Il tema oggi non è solo quando ripartire, ma come utilizzare ogni giornoche passa per condividere, da subito, lavoratori, imprese e fornitori una nuova organizzazione del lavoro all’altezza della sfida sociale e sanitaria che ci attende. Non si tratta solo di applicare gli specifici protocolli per garantire distanze e Dpi, ma di modificare orari di lavoro, processi produttivi, carichi.

Si tratta di ripensare gli stessi macchinari e gli stessi ambienti di lavoro in funzione di modalità e tempi diversi (dall’arrivo delle materie prime, alla loro lavorazione, al loro assemblaggio), mettendo la tecnologia al servizio di minori carichi, ma più flessibili e articolati.
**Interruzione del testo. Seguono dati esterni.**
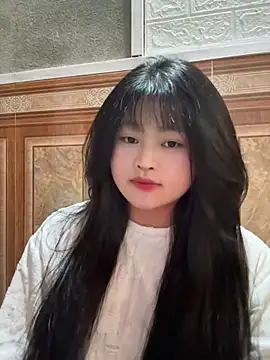 Snapshot of Anges893 chatting on December 2, 3:45 am Anges893 online show from December 2, 3:45 am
Si tratta di digitalizzare le varie fasi produttive, con un investimento tecnologico e formativo massivo, in un quadro di regole, diritti individuali e collettivi, che per le figure impiegatizie e operaie redistribuiscano in modo diverso anche doveri ed impegni.

Mai come oggi diviene strategico investire di più sulle relazioni industriali, scommettere di più sulla partecipazione dei lavoratori alle scelte aziendali, dando attuazione all’articolo 39 (rappresentanza) e 46 (partecipazione) della Costituzione.

Dobbiamo dar vita, già in queste ore, a veri e propri Comitati Aziendali per la Ripartenza (Car), dove Rsu, Rls, esperti esterni, impresa possano iniziare a preparare una trasformazione dell’ambiente di lavoro e del modo di lavorare, senza precedenti. Pronti come Sindacato a fare la nostra parte, a costruire, attraverso la partecipazione, proposte specifiche, ma anche un grado di impegno e di sforzo perché la ripresa è interesse dei lavoratori e perché questa sfida si vince solo valorizzando, in termini di carriera e di riconoscimenti, professionalità e capacità di adattamento.

Sarà centrale la contrattazione nazionale per definire linee guida, ma soprattutto forme di contrattazione sempre più articolate, per azienda, territorio, filiera.

Su «cosa e come fare» e non solo sul «quando riaprire» dobbiamo sfidare quindi le aziende, per un confronto di merito, che chiami il meglio delle nostre esperienze sociali, economiche e tecniche ad un sforzo di confronto e collaborazione. Da questa crisi usciremo cambiati: se in meglio, valorizzando lavoro e nuovi modelli produttivi (anche più sostenibili) e quindi anche vecchie e nuove tutele, dipenderà dalle nostre capacità, dal nostro essere classe dirigente.

Le lavoratrici e lavoratori italiani, le loro organizzazioni, pur con difetti e contraddizioni, anche in queste ore stanno dimostrando di esserlo. Siamo certi che tanti imprenditori e rappresentanti istituzionali potrebbero accettare questa sfida. Noi faremo di tutto, perché sia così.